A Copa do Mundo ainda é a maior glória possível para um jogador, mas é fato que, ao mesmo tempo, deixou de ser a pedra fundamental para grifar as primeiras linhas de um livro de memórias. Se Messi sair do Qatar campeão, terá o ponto maior e incomparável de sua vida, óbvio ululante, tal qual o evento é o papo inicial para falar das trajetórias de Garrincha, Pelé, Maradona, Cruyff, Beckenbauer, Puskas etc. Mas se ficar pelo caminho, não verá diminuído seu lugar na história, pelo contrário, esse já está firmado no topo, se acotovelando com os maiores, tal qual seu contemporâneo Cristiano Ronaldo.

A dupla, protagonista de uma elite que está passando o bastão, moldou a grandeza semana a semana, com a música tema da Champions League, sem precisar necessariamente fazer chover num fuso horário mundialista a cada quatro anos. Quando Hernán Casciari escreveu Messi es um perro [Messi é um cachorro] em 2012, ele se referia ao jogador que mais parecia um cão ao fixar os olhos em algo e não soltar mais no Camp Nou, nas arrancadas em gramados espanhois, nos gols improváveis em noites europeias, não nas semanas de África do Sul pouco antes. Era um contraste que se tornou até um clichê: o Messi gênio do clube atravessava a temporada e nos entregava um Messi mais sem graça, pouco inspirado, no mês de seleção. Muitas vezes aquilo pareceu um estorvo, como quando ele insinuou uma aposentadoria internacional ao perder um pênalti e mais um título, em 2016.

Foi assim também, meio murcho, na Copa de 2010, num time caótico comandado por sua referência e espelho, Diego, eliminado com goleada que Maradona comparou a um soco de Muhammad Ali. Foi na final em 2014, quando perdeu o gol do título que não se perde e teve atuação apagada, desproporcional à sua responsabilidade. Foi ainda em 2018, em atrito com o técnico Jorge Sampaoli, disperso, como se já soubesse que dali não sairia nada grandioso.

Agora, demorou, mas chegou. Lionel Messi, 19 jogos em Copas, hoje se apresenta como o jogador da seleção argentina, porta-voz, craque e capitão de cabeça erguida e fala projetada ao microfone, não mais aquele rapaz criado na Catalunha que precisava mediar certa estranheza em ser o dono do onze de seu país, sob a sombra maradoniana e sem a leveza de sua rotina no clube-casa. Um líder possível à sua maneira, com menos peso e mais alegria, menos ganas e mais disfrute, convidado a ser comparado com D10s, mas querendo apenas ser Messi. Alto-astral como nunca em fardar a albiceleste, vivemos para ver, quem poderia acreditar.

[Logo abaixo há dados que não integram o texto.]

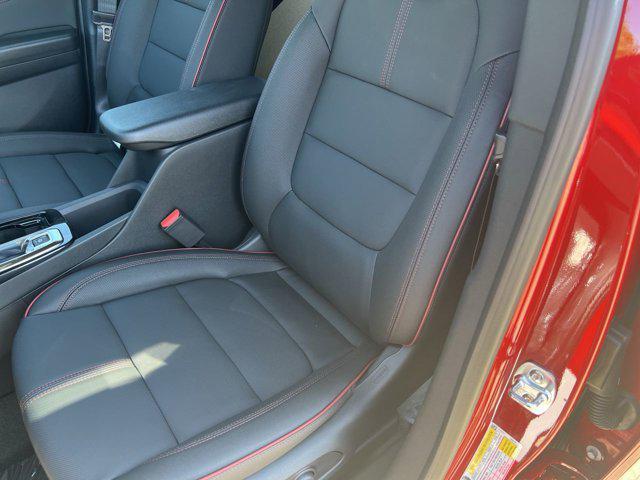 new 2026 Chevrolet TrailBlazer car, priced at $31,645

A Argentina, tal qual o Brasil, nunca careceu de grandes jogadores. Eles sempre estiveram aí, aos montes, mas o desafio sempre foi transformá-los em coletivo quando cruzam o oceano para um par de jogos de eliminatórias sul-americanas. Muitas vezes deu ruim. Dessa vez, a novidade é que Messi parece jogar num ótimo time, assim como na reta final do período Alejandro Sabella (2013-14), é verdade, mas com mais qualidade e, principalmente, confiança.

Cenário ideal para única e finalmente intrometer uma grande jornada de Copa na sua estante. O vice-campeonato há oito anos vale só como resultado, nunca como encanto. Aos maiores, a régua é alta, e de Messi se espera o que é de Messi.

É inevitável ainda falar da longevidade do argentino e de seu eterno antagonista Cristiano, que chegam à quinta Copa do Mundo de suas carreiras, assim como os mexicanos Guilhermo Ochoa e Andrés Guardado. Fosse fácil, não eram tão poucos, só outros quatro na história. Mas ao mesmo tempo que envelhecer jogando é um fato do futebol atual, a evolução do jogo também passa por jovens que parecem cada vez mais prontos para carregar o protagonismo desde cedo.

Cody Gakpo, 23, Timothy Weah, 22, Bukayo Saka, 21, e Jude Bellingham, 19, brilharam nos jogos de segunda-feira. Este último nasceu quando Daniel Alves, 39, já vivia sua terceira temporada como profissional, em Sevilla. Mas o futebol é complexo e de todos, nos derruba quando ensaiamos teorias. Estava pronto para falar dos moleques quando Gareth Bale, 33, mais velho atleta de linha de seu país, jogando mal, deu um jeito de sofrer e converter um pênalti no fim, no retorno galês às Copas depois de um Pelé de distância. Você não pode trocá-lo nem por dois garotos. Foi o grito de gol da Copa até aqui.